__Requirement__.
Make an exact copy of the lines from the one holding "A modern hotel" through the end of the entries below, both ends kept, and of nothing else. Exclude pictures.
[[ Records for processing, beginning ]]
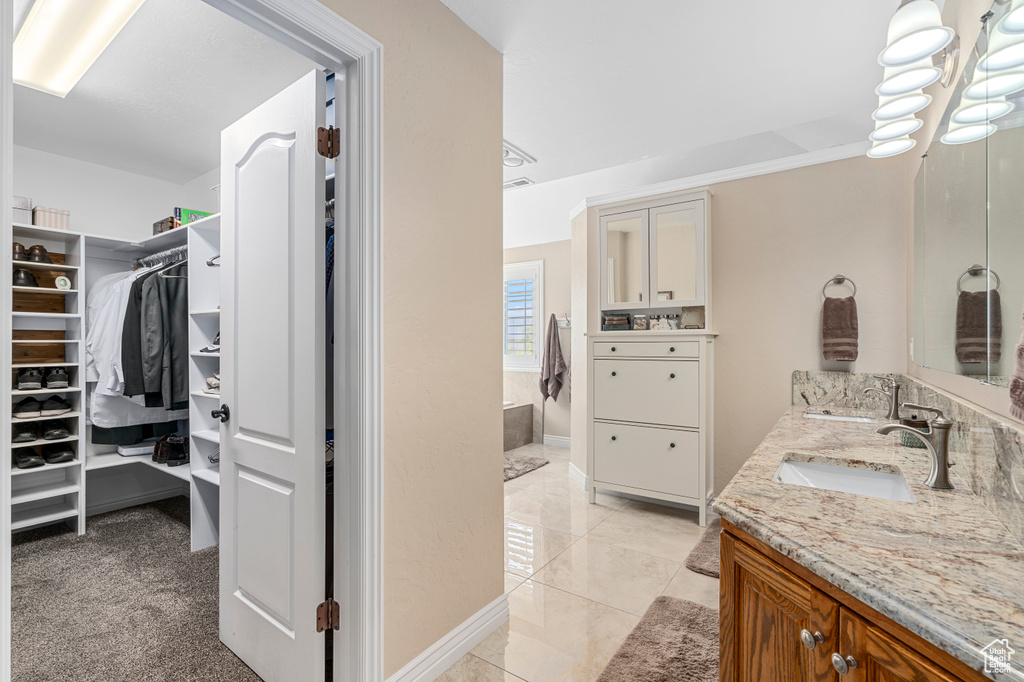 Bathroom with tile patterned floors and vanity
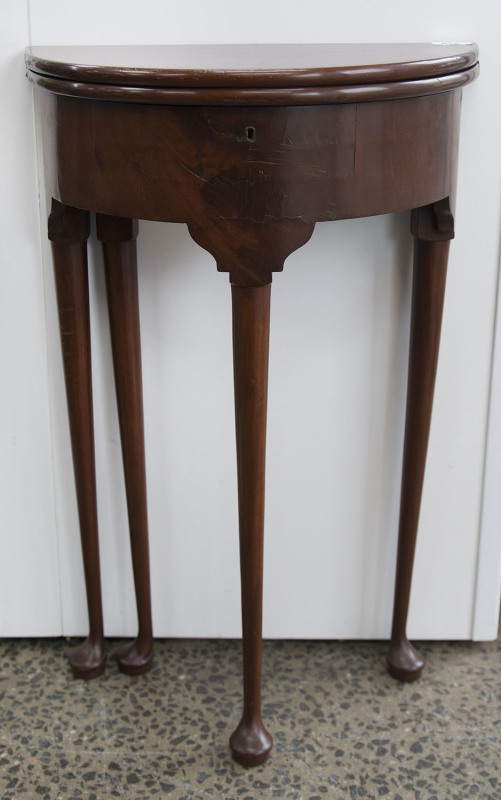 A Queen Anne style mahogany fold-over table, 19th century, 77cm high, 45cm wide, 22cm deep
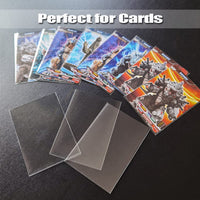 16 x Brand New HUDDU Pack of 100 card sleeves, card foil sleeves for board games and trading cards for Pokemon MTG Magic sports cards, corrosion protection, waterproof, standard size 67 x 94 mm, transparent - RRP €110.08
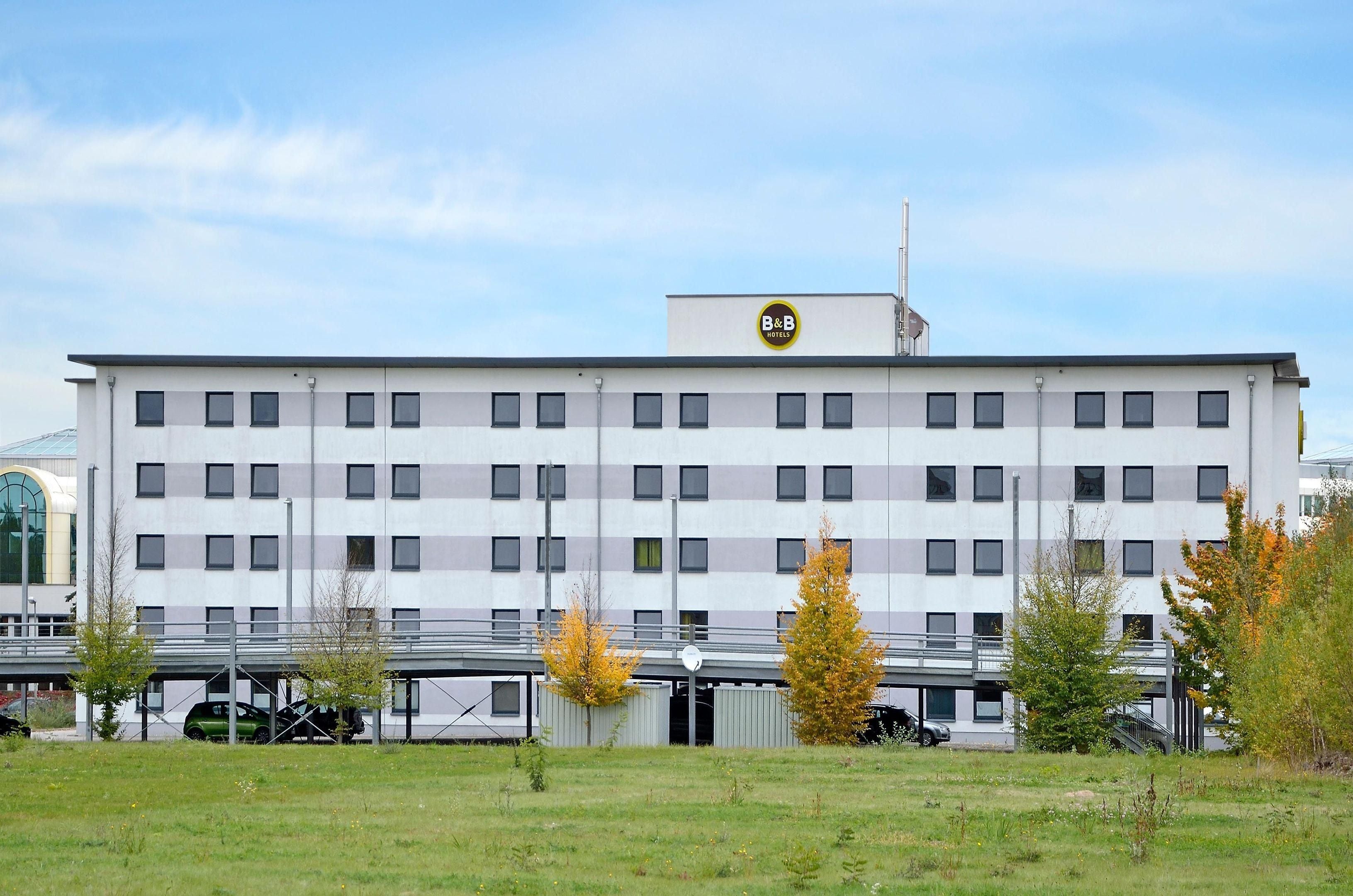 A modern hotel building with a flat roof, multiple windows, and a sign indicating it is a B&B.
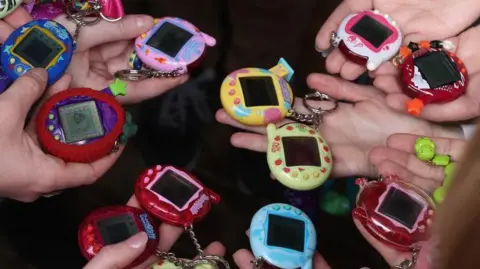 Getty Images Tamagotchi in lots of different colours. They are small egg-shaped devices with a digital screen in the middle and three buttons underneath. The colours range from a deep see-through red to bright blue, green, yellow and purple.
[[ Records for processing, end ]]
__The answer__.
 A modern hotel building with a flat roof, multiple windows, and a sign indicating it is a B&B.
 Getty Images Tamagotchi in lots of different colours. They are small egg-shaped devices with a digital screen in the middle and three buttons underneath. The colours range from a deep see-through red to bright blue, green, yellow and purple.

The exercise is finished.